Why Brezhnev is calling for early arms talks
Soviet President Leonid Brezhnev, moving to increase pressure on Ronald Reagan from US anti-nuclear advocates, has called for early strategic-arms talks and a partial ''freeze'' on strategic weapons.
The freeze suggestion came with a significant loophole -- allowing at least limited ''modernization'' of existing forces -- but bore enough resemblance to various proposals raised inside the United States to worry some Western diplomats here. They argued that the proposal would perpetuate a Soviet edge in strategic delivery vehicles and ease pressure on the Kremlin during eventual negotiations.
In additional, since US officials have already rejected any freeze prior to implementation of rearmament plans, the diplomats said Moscow would win political points from the expected American rejection of the Brezhnev proposal.
The Soviet President rejected the strategic-arms-control blueprint offered May 9 by Mr. Reagan as ''absolutely one-sided'' but stopped short of saying the Kremlin would delay resuming talks until the Americans came up with something more acceptable.
The Brezhnev remarks, in a keynote address May 18 to a congress of the Communist Party's youth wing, followed a statement from a senior Soviet official to the Monitor that Moscow would negotiate ''even on the platform Reagan has suggested.''
The official said Soviet counterproposals were being prepared. He did not say whether Moscow would be ready to resume strategic-arms talks next month, as Mr. Reagan had suggested. Nor did Mr. Brezhnev in his May 18 speech.
President Brezhnev's remarks were taken by diplomats here as part of intensified superpower sparring in the run-up to resumption of negotiations.
His aim seemed to be to retake the public initiative on arms control in the wake of President Reagan's May 9 proposals and to encourage domestic uneasiness with Mr. Reagan's arms policy.
President Reagan proposed a phased strategic-arms reduction, beginning with a one-third cut in warheads and providing that no more than half of the remaining total be based on land.

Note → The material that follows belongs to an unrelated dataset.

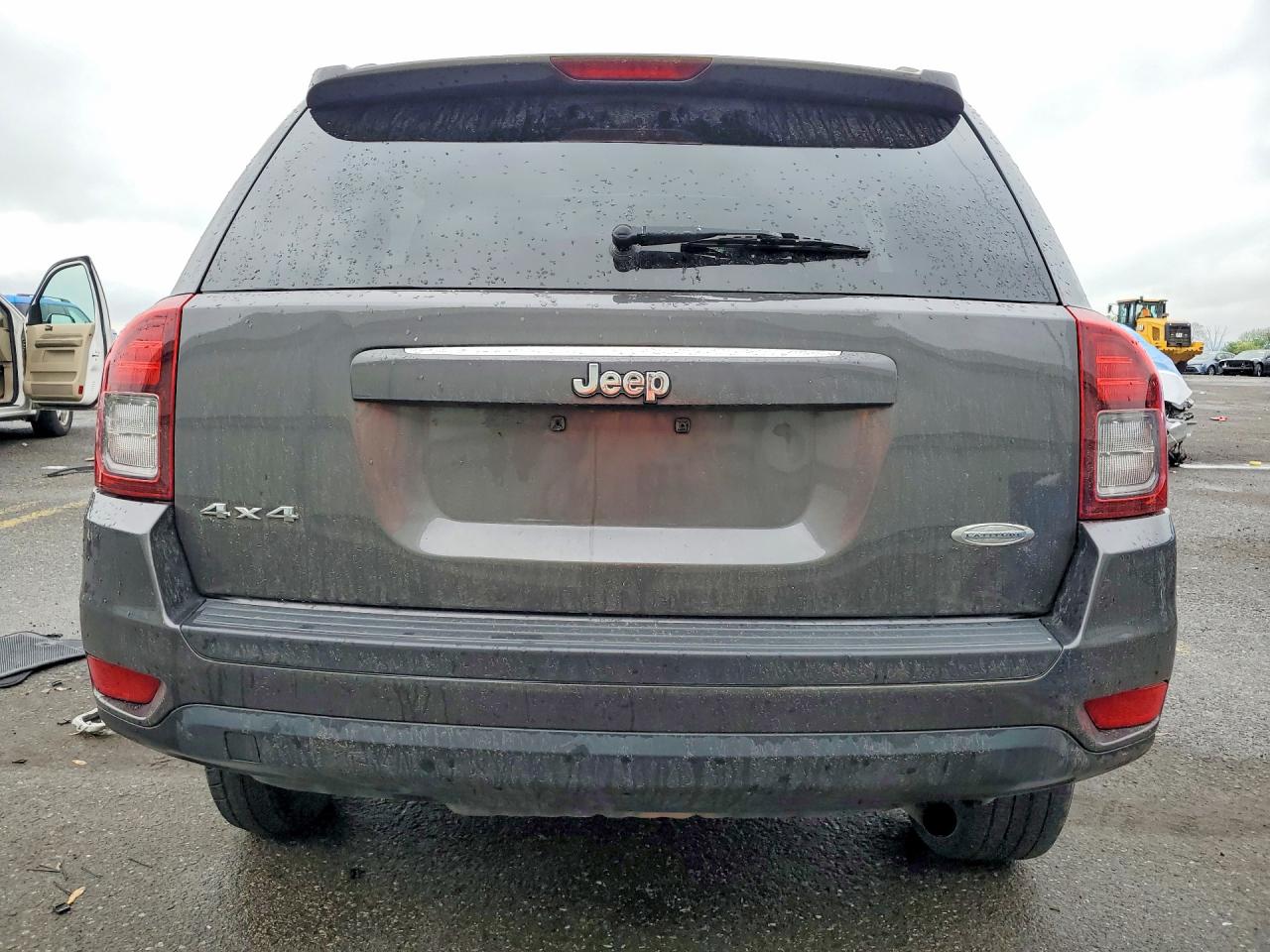 2014 Jeep Compass Latitude Gray vin: 1C4NJDEB1ED846898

His clear aim is to get at Moscow's force of land-based ''heavy'' missiles, which US officials fear could destroy the American force in a first strike. The Soviets' strategic force consists mostly of land-based missiles, while the Americans' is biased toward submarine launchers.
Mr. Brezhnev did not address the specifics of the Reagan proposal, such as its emphasis on warheads rather than strategic delivery vehicles. Nor did the Soviet President present a detailed platform of his own for strategic talks.
Instead, he coupled a general rejection of the Reagan package as part of a bid for US ''superiority'' with Soviet guidelines avowedly aimed at ensuring ''that the talks should begin immediately in the right key.''
Mr. Brezhnev said: ''The American position is absolutely one-sided . . . because the United States would like, in general, to exclude from the talks the strategic arms it is now most intensively developing.'' This was seen as a reference principally to the ground-hugging cruise missile and to potential deployment of the new B-1 bomber and MX missile.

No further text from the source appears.